After tuning and validating our Random Forest model using threshold optimization on the validation set, we evaluated its performance on the unseen test set to measure how well the model generalizes.
- Applied the optimized threshold (0.55) to the predicted probabilities generated by the Random Forest model.
- Computed key classification metrics including:
- Accuracy
- Precision
- Recall (Sensitivity)
- Specificity
- F1 Score
- ROC AUC
- Visualized results using:
- A confusion matrix to show classification breakdown
- An ROC curve to evaluate performance across all thresholds
-
Accuracy: 0.8873
The overall percentage of correct predictions. -
Recall (Sensitivity): 0.6241
The proportion of actual popular songs correctly identified by the model. -
Specificity: 0.9194
The proportion of non-popular songs correctly predicted as not popular. -
Precision: 0.4853
Of all the songs predicted to be popular, 48.5% were truly popular. -
F1 Score: 0.5460
A balanced metric combining precision and recall. -
AUC: 0.8857
The model’s ability to rank predictions correctly across all thresholds.

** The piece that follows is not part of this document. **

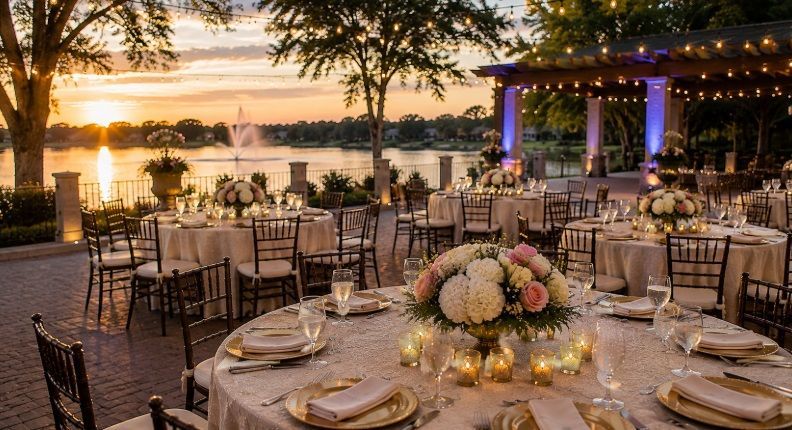 Elegant outdoor event center near San Juan, TX overlooking a scenic lake at sunset.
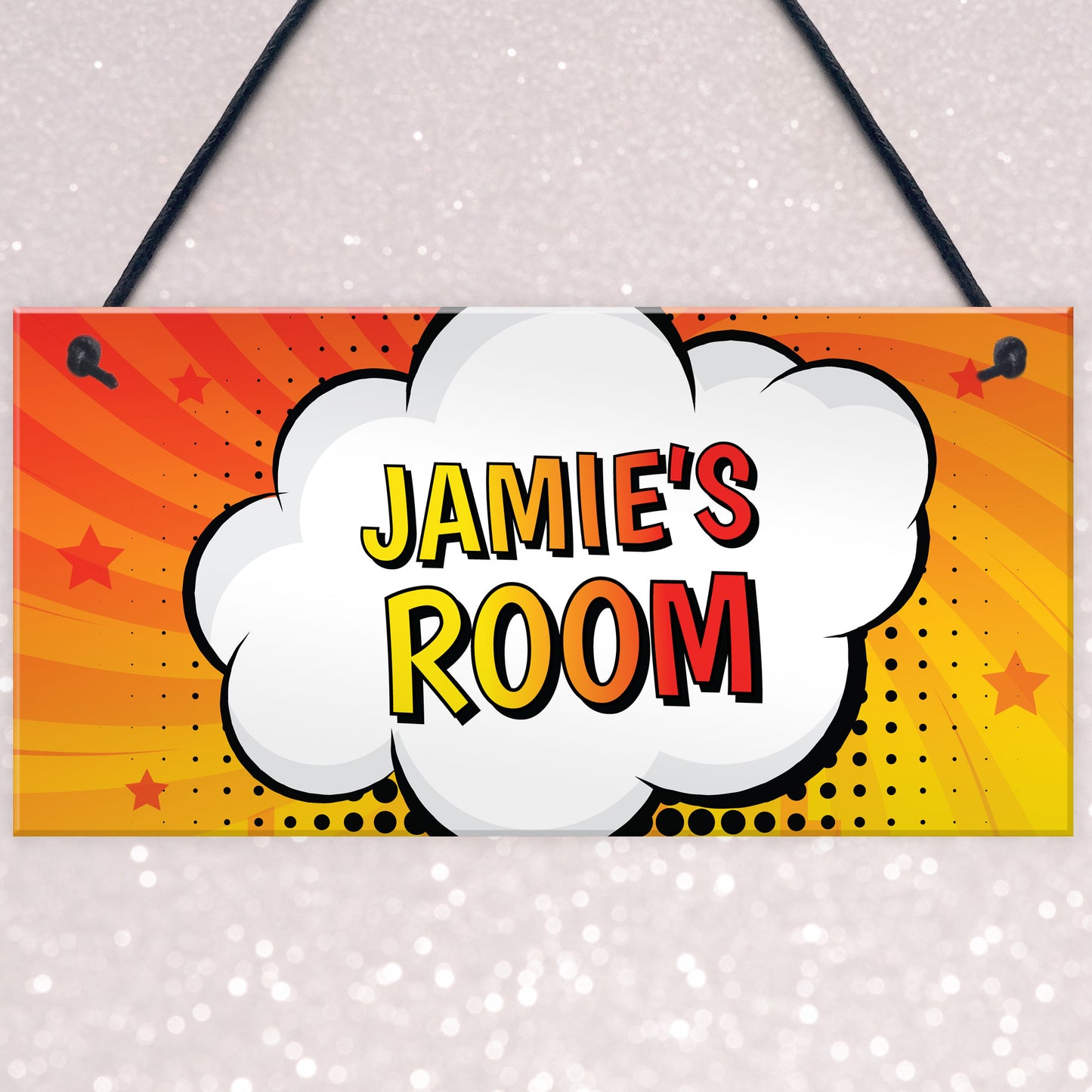 Superhero Personalised Door Sign Plaque Kids Bedroom Gift Boys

The Random Forest model achieved strong generalization performance on the test set. It balanced recall and precision well given the class imbalance and showed excellent ranking ability with an AUC of 0.8857.
This performance confirms that the model is suitable for real-world use cases such as:
- Filtering likely breakout songs
- Recommending high-potential tracks
- Prioritizing songs for promotion or analysis
All final metrics and plots were computed without any exposure to test data during training or validation.